What does McLuhan mean by terms “amputation” and “extension”?   An extension occurs when an individual or society makes or uses something in a way that extends the range of the human body and mind in a fashion that is new.  For example, the shovel is an “extension” of our arms, a microscope is an “extension” of our eyes, a car is an extension of our feet etc.  Every extension of mankind, especially technological extensions have the effect of amputating or modifying some other extension. The extension of a technology like the automobile “amputates” the need for a highly developed walking culture, which in turn causes cities and countries to develop in different ways.

McLuhan believed that mankind has always been fascinated and obsessed with these extensions, but too frequently we choose to ignore or minimize the amputations.

According to techno and media determinists, technological and media processes cause social movements.  There are many critics of techno determinism, however it is worth listening to the concerns of the great scholar McLuhan who warned us about dangers of overextended technology.   In the case of cars, for example, the resulting amputations such as muscle atrophy, smog, and high-speed fatalities increase at a rate that challenges the benefits initially gained. 

On McLuhan’s gravestone are the words “The Truth Shall Make You Free.” We do not have to like or even agree with everything that McLuhan said, but we should nevertheless remember that his life was dedicated to showing men the truth about the world they live in, and the hidden consequences of the technologies he develops.  Per McLuhan, American society is too often preoccupied with external enemies like Stalin and Hitler for example in the World War II era.  At the same time, people failed to notice the threat of electric technology as “uniformity was applied to every level of education, government, industry and social life”. 

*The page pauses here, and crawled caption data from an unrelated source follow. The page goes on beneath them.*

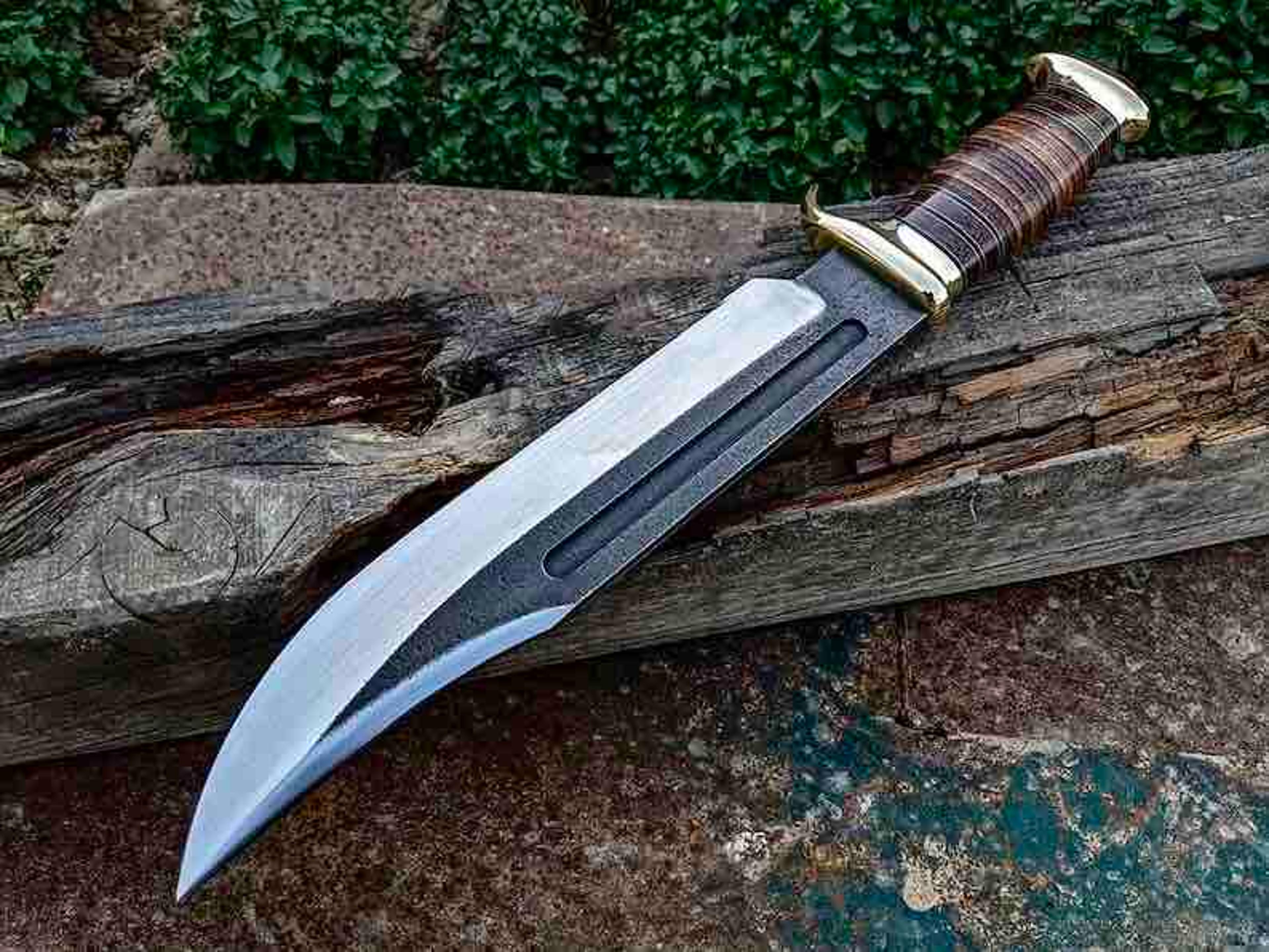 hunting bowie knife , handmade outdoor knife, christmas gift, bushcraft knife , camping knife , anniversary gift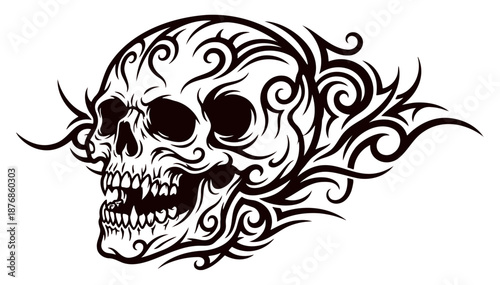 Intricate tribal tattoo design featuring a human skull with detailed swirling motifs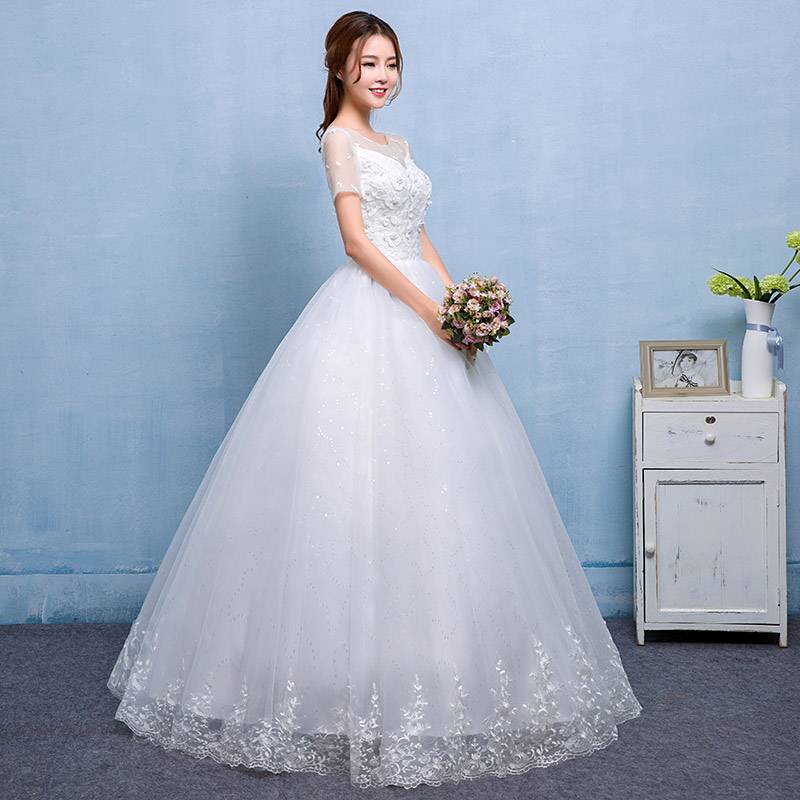 齐地婚纱定制批发新款韩版蕾丝花边蓬蓬裙婚纱礼服HB0013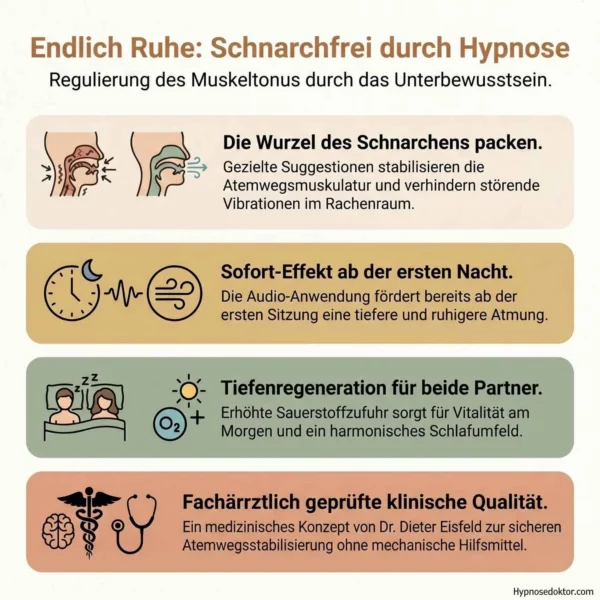 Medizinische Infografik zur Stabilisierung des Muskeltonus im Rachenraum durch klinische Hypnose.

McLuhan claims that the real enemy is sometimes invisible and unrecognizable by the people.  Our conventional response to all media (“it depends how it is used”) puts people in a dangerous place according to the author.  Often another medium serving as a “content” makes the impact of the media very strong without consumers of that content even noticing the influence.  “Subliminal and docile acceptance of media impact has made them prisons without walls for human users”, said McLuhan.  That statement echoes the remark of Liebling in the book “Press”: “A man is not free if he cannot see where he is going even if he has a gun to help him get there”.  McLuhan finishes his article with a notion about slaves quoting C.G. Jung: “Every Roman was surrounded by slaves… Because living constantly in the atmosphere of slaves, he became infected through the unconscious with their psychology.”

In the article Communication, Power and Counter-power in the Network Society, published in 2007 in the International Journal of Communication, Manuel Castels wrote: “Throughout history communication and information have been fundamental sources of power and counter-power, of domination and social change. This is because the fundamental battle being fought in society is the battle over the minds of the people. The way people think determines the fate of norms and values on which societies are constructed. While coercion and fear are critical sources for imposing the will of the dominants over the dominated, few institutional systems can last long if they are predominantly based on sheer repression. Torturing bodies is less effective than shaping minds.”  Was McLuhan on to something?   With mass and emerging media penetrating every aspect of our lives constantly, we have to keep asking ourselves:  “How are we being manipulated, to whose benefit?”  We are always to seek the truth to set ourselves free.